What's best for the children

by Alice Woodrome


Image by Alice Woodrome

"What's best for the child." That's what everyone says they want when there is a custody battle. And in today's world, with fewer intact families and with the added complications of new technology in reproduction, custody battles are becoming more common. Sometimes it can be so confusing to see that "right thing" even when people are trying their best to put the child's welfare ahead of their own rights. I think if more people knew how it effects a child's life to separate him from the caregiver he has known, the easier it would be to do the right thing. In terms of a child's mental health, it matters less who can be the best parent than it does who the child has come to trust. There is a widespread belief that if a child is under two, it matters less, and that a clean break is best. That feeling is tragically incorrect. It actually matters more when the child is very young. Even the law is far behind in recognizing what those in the mental health field know.

I'm talking about a mental condition known as Reactive Attachment Disorder. This well documented and serious disorder occurs in the first two years of life, and is marked by a child's failure to bond with their primary caretaker. The implications in later life can be catastrophic, for them as well as the people they interact with.

Children are at high risk of developing attachment disorder under several circumstances; neglect and abuse, but also sudden separation from their primary caretaker through illness, death, or other reasons. Even if the new caretaker loves them and is a superlative parent, the baby or very young child may not be able to trust enough again to truly bond. They come to believe that the only one they can count on is themselves. Children with attachment disorders have trouble trusting and loving anyone. Loving hurts, and they have been hurt too deeply. Loving must be done on their terms so that they will not be hurt again. They learn to get what they want by manipulation. As they get older they attempt to control everyone and everything in their world. No one gets past their barriers.

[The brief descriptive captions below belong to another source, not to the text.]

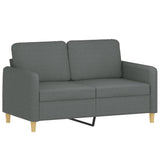 2-Seater Sofa Dark Grey 120 cm Fabric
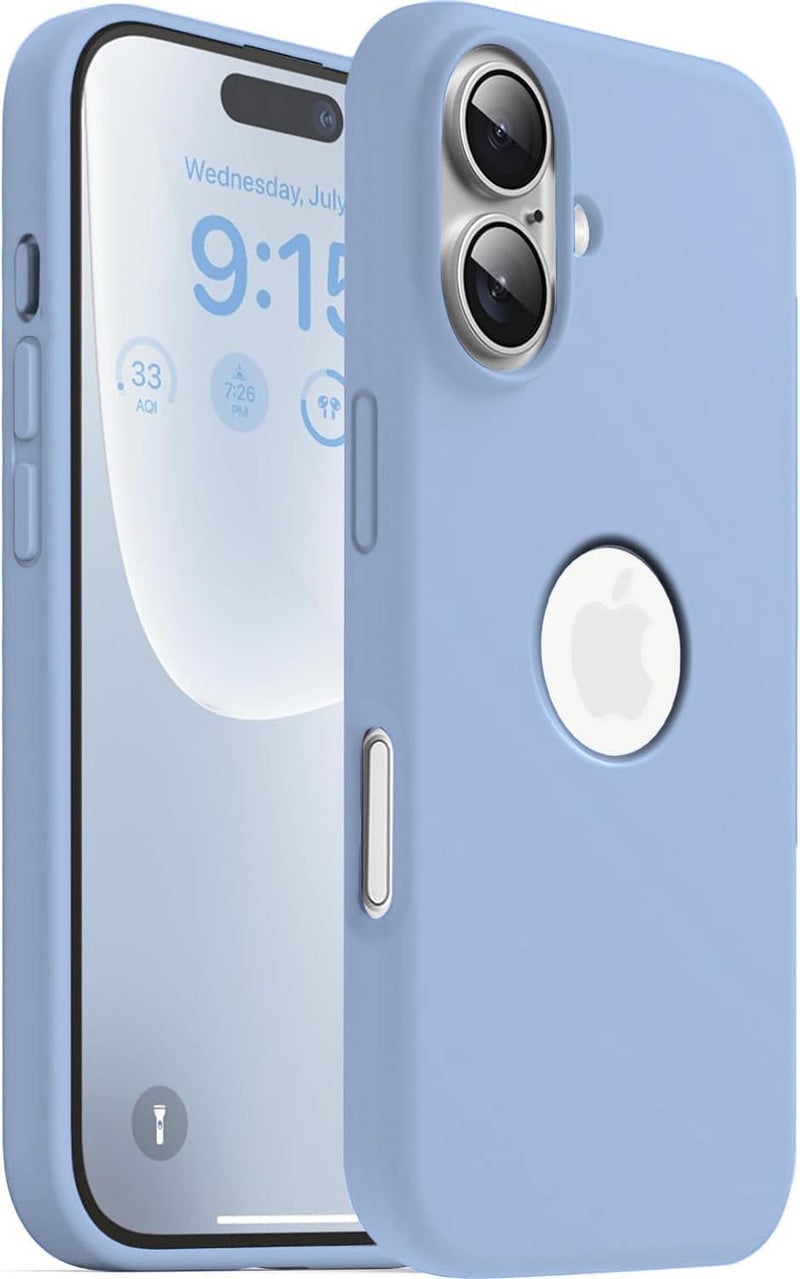 Elzzi Microfiber Logo Cut Cover Compatible for iPhone 16 Case Liquid Silicone Cases Full Body 4 Layer Protective Covers Shockproof Back Cover with High Raised Camera Lips (6.1 inch, Official Blue) - Image 1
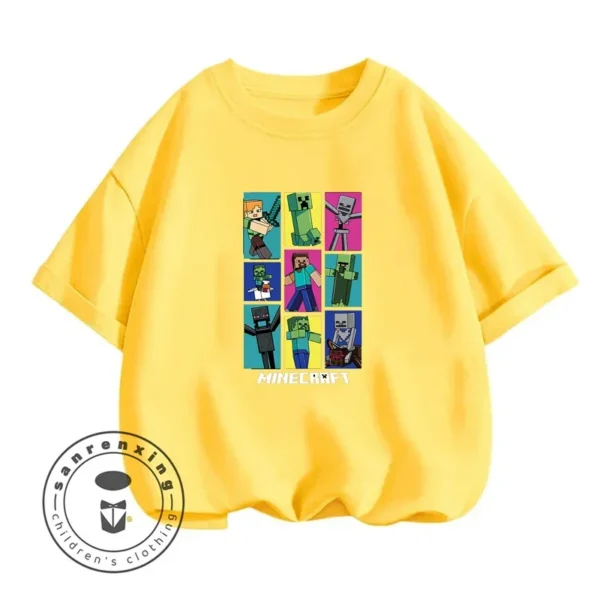 Kids' long sleeve O-neck T-shirt with Minecraft character graphic print. Unisex children's gaming top.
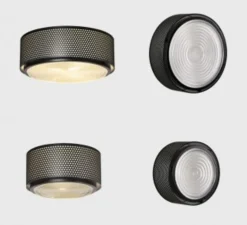 Applique ou Plafonnier, G13, Pierre Guariche, Medium ,dimmable, noir, Ø25cm, H15cm - Sammode
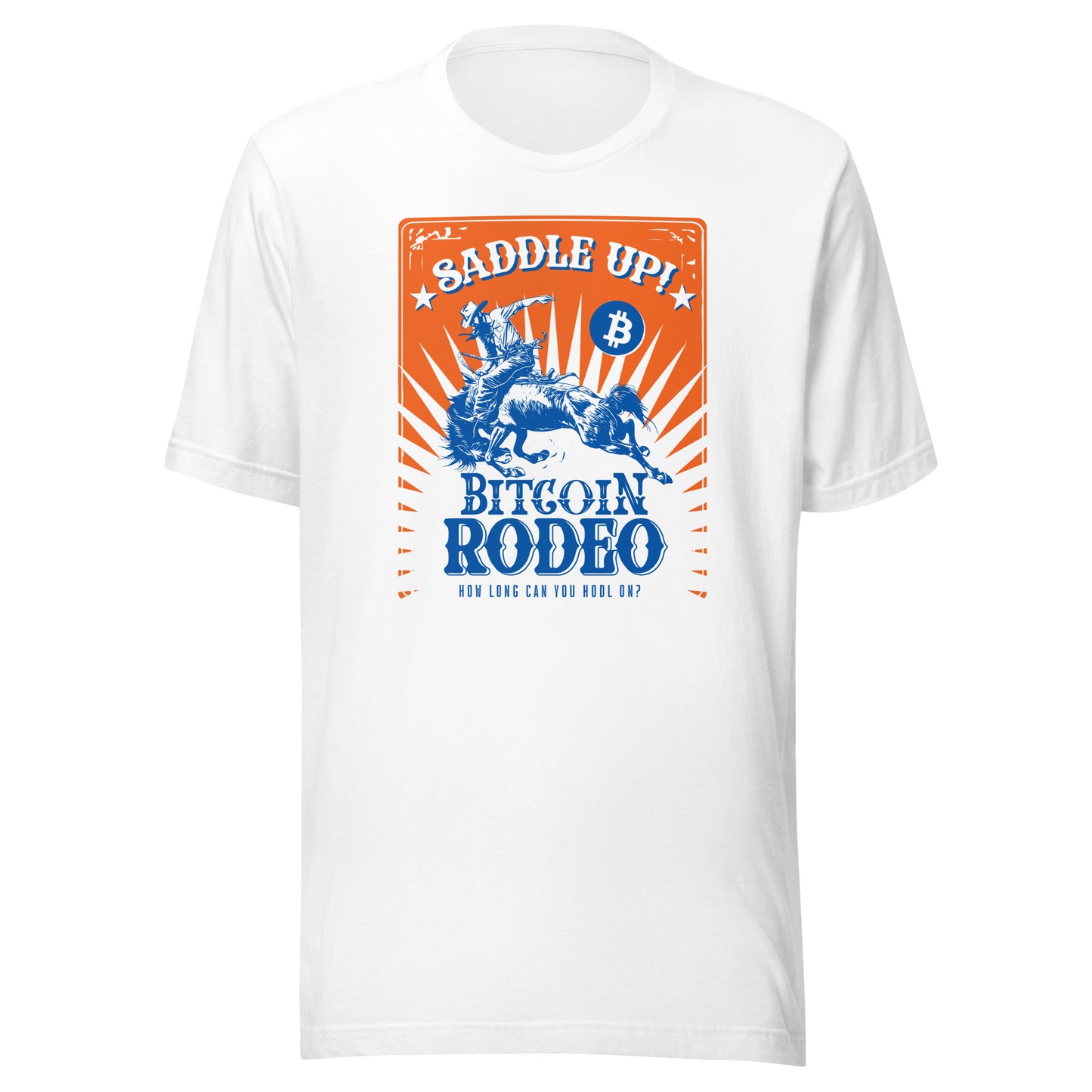 White t-shirt with Bitcoin rodeo graphic on a white background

Children with the disorder can appear to be incredibly charming, calm, well-adjusted compared to their more normal and exuberant counterparts. They develop an ability to appear very winsome. They can be loving, helpless, lost -- or creative and bright -- whatever serves their needs at the time. When problems arise, strangers, neighbors and even therapists can be fooled. Parents are sometimes believed to be at fault.

And problems do arise. There are often very poor peer relationships, and they can be cruel to both children and animals. Some other symptoms include stealing, hoarding, chronic lying, absence of guilt or remorse, theatrical displays of emotion, denial of accountability, blaming others, and a lack of ability to give or receive affection. Most tragic of all, is that they can become adults without consciences.

Like everything else in the world, this is not a black-or-white issue. A child doesn't either become a well-adjusted adult or a sociopath. There is every shade of gray in between. A child needs to feel secure with their caregiver, and if they do not, there are ramifications that stretch into their adult life to varying degrees. There is no such thing as a clean break for a child under two. To do what's best for the child there needs to be more creative ways of allowing another caregiver into the child's life without breaking the bonds they have already formed.